Exercise goal:
Transcribe everything in the listing as written, and let no image into the copy.
*** Exercise input ***
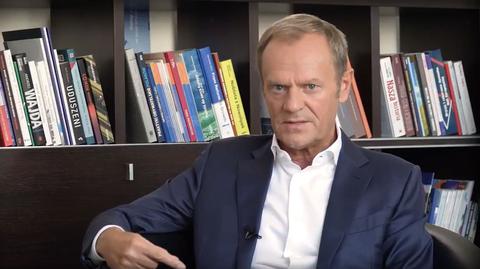 Tusk o przepisaniu majątku na żonę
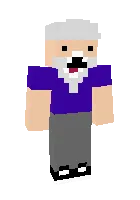 Dada Bebra — Minecraft skin, rasm 1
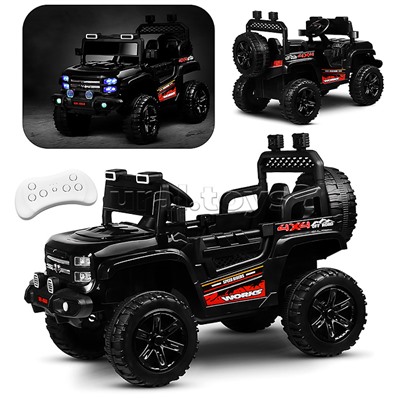 Электромобиль детский "Покоритель гор" (цвет черный)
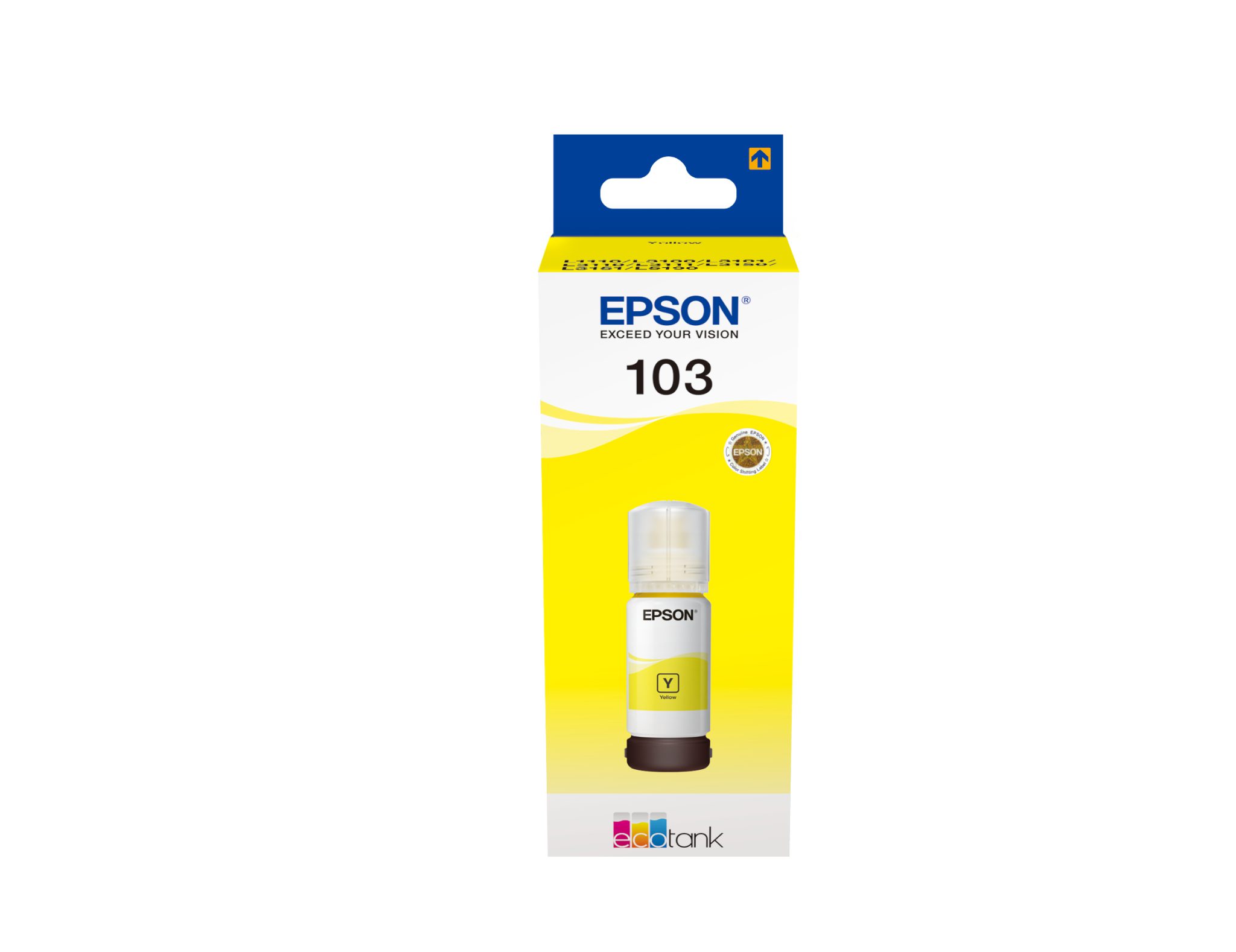 EPSON 103 EcoTank Yellow ink bottle local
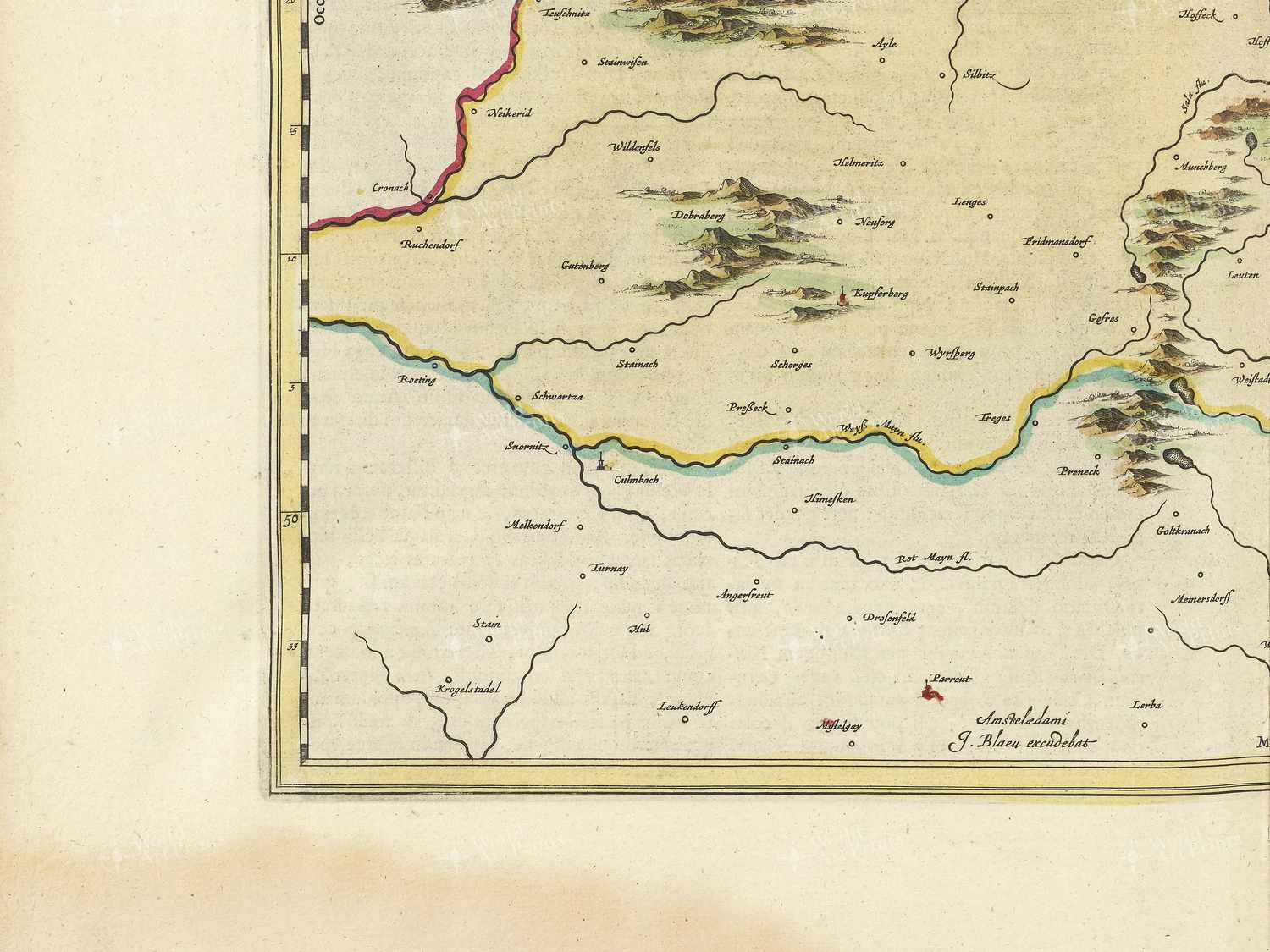 Map bottom left quadrant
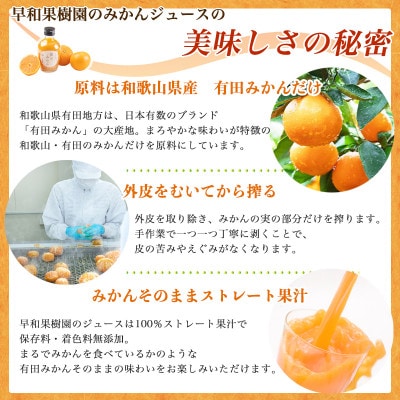 【早和果樹園】飲むみかん180ml×20本入|有田みかん100%ストレートジュース　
*** End of Exercise input ***
Answer below:
 Tusk o przepisaniu majątku na żonę
 Dada Bebra — Minecraft skin, rasm 1
 Электромобиль детский "Покоритель гор" (цвет черный)
 EPSON 103 EcoTank Yellow ink bottle local
 Map bottom left quadrant
 【早和果樹園】飲むみかん180ml×20本入|有田みかん100%ストレートジュース　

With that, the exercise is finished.